In addition, Sidney still had no position in court, no title, but was known to be a poet; he therefore sets out to affirm the high value of this activity, and the nobility of the title of poet that Gosson and others had attacked in the name of Christianity.

He therefore starts by referring to the ancient roles of the poet:


Among the Romans a poet was called vates, which is as much as a diviner, foreseer, or prophet. . . so heavenly a title did that excellent people bestow upon this heart-ravishing knowledge.


One of Sidney's main ideas is that the lives created (or re-created) by the literary author make such a deep impression on the readers that they find themselves impelled to try to live like the characters they read about. This teaching is done by example, not by precept, and here Sidney is confronted with a problem. How is it that people can create imaginary characters far more virtuous than the ordinary run of mortals in real life? He has to suggest that the poet is inspired from above.


Poesy therefore is an art of imitation, for so Aristotle termeth it in the word mimesis--that is to say, a representing, counterfeiting, or figuring forth--to speak metaphorically, a speaking picture--with this end, to teach and delight.


Sidney goes on to propose various categories of poet, the religious first, with David's Psalms as the highest example; then philosophical and historical poems where the subject-matter is not in itself poetical although the prosody is verse. The third group covers those whom he terms "right



. . . they which most properly do imitate to teach and delight, and to imitate borrow nothing of what is, hath been, or shall be; but range, only reined with learned discretion, into the divine consideration of what may be and should be.


The other very significant section of the Defence comes when Sidney later turns to the poor state of poetry in England and indirectly wonders why he has so few worthy companions


But I that, before ever I durst aspire unto the dignity, am admitted into the company of the paper-blurrers, do find the very true cause of our wanting (lacking) estimation is want of desert--taking upon us to be poets in despite of Pallas (Wisdom).

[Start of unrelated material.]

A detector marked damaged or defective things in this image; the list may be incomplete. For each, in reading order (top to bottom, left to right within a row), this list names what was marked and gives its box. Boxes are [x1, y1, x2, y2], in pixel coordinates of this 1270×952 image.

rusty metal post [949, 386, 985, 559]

He offers an interesting evaluation, focussing on Chaucer, Surrey, and Wyatt as notable poets in English. This is followed by a surprisingly long discussion of English drama, of which Sidney had no very high opinion. He concludes by demanding a new standard of truth in the love lyric:


...many of such writings as come under the banner of unresistible love, if I were a mistress, would never persuade me they were in love: so coldly they apply fiery speeches, as men that had rather read lovers' writings (...) than that in truth they feel those passions, which easily (as I think) may be bewrayed by that same forcibleness or energia (as the Greeks call it) of the writer.

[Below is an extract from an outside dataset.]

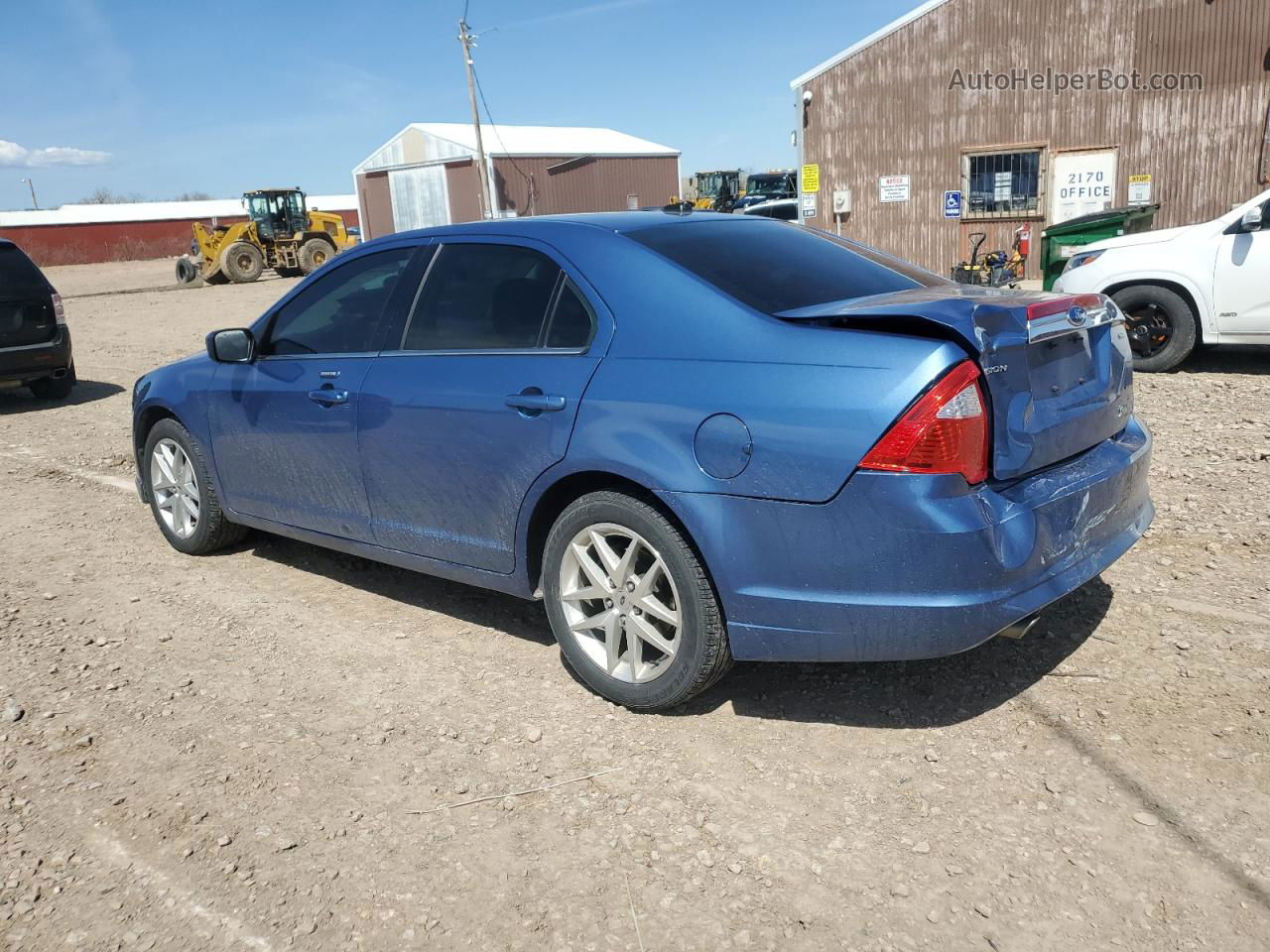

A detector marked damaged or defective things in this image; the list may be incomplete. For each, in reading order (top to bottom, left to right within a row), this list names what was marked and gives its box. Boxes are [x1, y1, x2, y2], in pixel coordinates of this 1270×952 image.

car rear bumper damage [0, 327, 72, 383]
car rear bumper damage [665, 416, 1153, 664]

The final paragraph of the work sums up its main arguments and at the same time highlights in a particularly witty manner the polemic that it is designed to sustain, ending with a curse on bad poets:


...thus much curse I must send you, in the behalf of all poets, that while you live, you live in love, and never get favour for lacking skill of a sonnet; and, when you die, your memory die from the earth for want of an epitaph.



Astrophel and Stella


In recent years the spelling "Astrophil" has been widely adopted at the suggestion of Sidney's 20th century editor William Ringler; in this spelling the link with Sidney's own name Philip is made clear, as well as the sense "star-lover" from the Greek, (Stella is Latin for "star") but at the expense of the parallel with other traditional pastoral names ending in -el. The old editions (an unauthorized one made in 1591 and the official one of 1598) both use the form Astrophel, as did Spenser in his poem on Sidney's death.

The dating of the sonnet-cycle is not certain, but in its present form it seems to form a single unit with the Defense, since the original complete title of the cycle was "Astrophel and Stella: wherein is illustrated the perfection of poesy" and it is possible to read the work as forming an illustration of the ideas about love-poetry and energia that Sidney formulates in the Defence.

Certain features in the cycle suggest an identification of Stella with Penelope Devereux/Lady Rich, but the precise significance of this is far from clear. It would certainly not be helpful to read the cycle as the proof that Philip Sidney loved Penelope Rich. In view of her reputation, it is hard to recognize her in the paragon that Stella seems to be. It may be that Sidney intended her to be the first recipient of it, and perhaps hoped to help her gain a clearer view of the demands of virtue by this entertaining portrait of an unvirtuous wooer.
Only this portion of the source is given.